== Task directions ==
Print out the full listing, exactly.

:: Record excerpts ::

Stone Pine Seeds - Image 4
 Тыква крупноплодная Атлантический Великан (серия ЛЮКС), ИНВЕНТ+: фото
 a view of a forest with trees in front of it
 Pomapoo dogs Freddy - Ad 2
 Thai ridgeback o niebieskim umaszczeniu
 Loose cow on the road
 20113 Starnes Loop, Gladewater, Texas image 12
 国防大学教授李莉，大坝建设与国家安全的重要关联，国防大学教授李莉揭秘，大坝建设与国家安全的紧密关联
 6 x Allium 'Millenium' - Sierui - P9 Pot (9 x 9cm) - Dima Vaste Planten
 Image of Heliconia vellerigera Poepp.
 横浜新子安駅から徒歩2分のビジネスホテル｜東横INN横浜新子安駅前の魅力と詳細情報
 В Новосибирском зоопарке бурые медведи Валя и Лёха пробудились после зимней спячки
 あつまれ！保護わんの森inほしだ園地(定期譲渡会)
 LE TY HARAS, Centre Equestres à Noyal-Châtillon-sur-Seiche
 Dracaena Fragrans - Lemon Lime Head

:::

== Exercise solution ==
Stone Pine Seeds - Image 4
 Тыква крупноплодная Атлантический Великан (серия ЛЮКС), ИНВЕНТ+: фото
 a view of a forest with trees in front of it
 Pomapoo dogs Freddy - Ad 2
 Thai ridgeback o niebieskim umaszczeniu
 Loose cow on the road
 20113 Starnes Loop, Gladewater, Texas image 12
 国防大学教授李莉，大坝建设与国家安全的重要关联，国防大学教授李莉揭秘，大坝建设与国家安全的紧密关联
 6 x Allium 'Millenium' - Sierui - P9 Pot (9 x 9cm) - Dima Vaste Planten
 Image of Heliconia vellerigera Poepp.
 横浜新子安駅から徒歩2分のビジネスホテル｜東横INN横浜新子安駅前の魅力と詳細情報
 В Новосибирском зоопарке бурые медведи Валя и Лёха пробудились после зимней спячки
 あつまれ！保護わんの森inほしだ園地(定期譲渡会)
 LE TY HARAS, Centre Equestres à Noyal-Châtillon-sur-Seiche
 Dracaena Fragrans - Lemon Lime Head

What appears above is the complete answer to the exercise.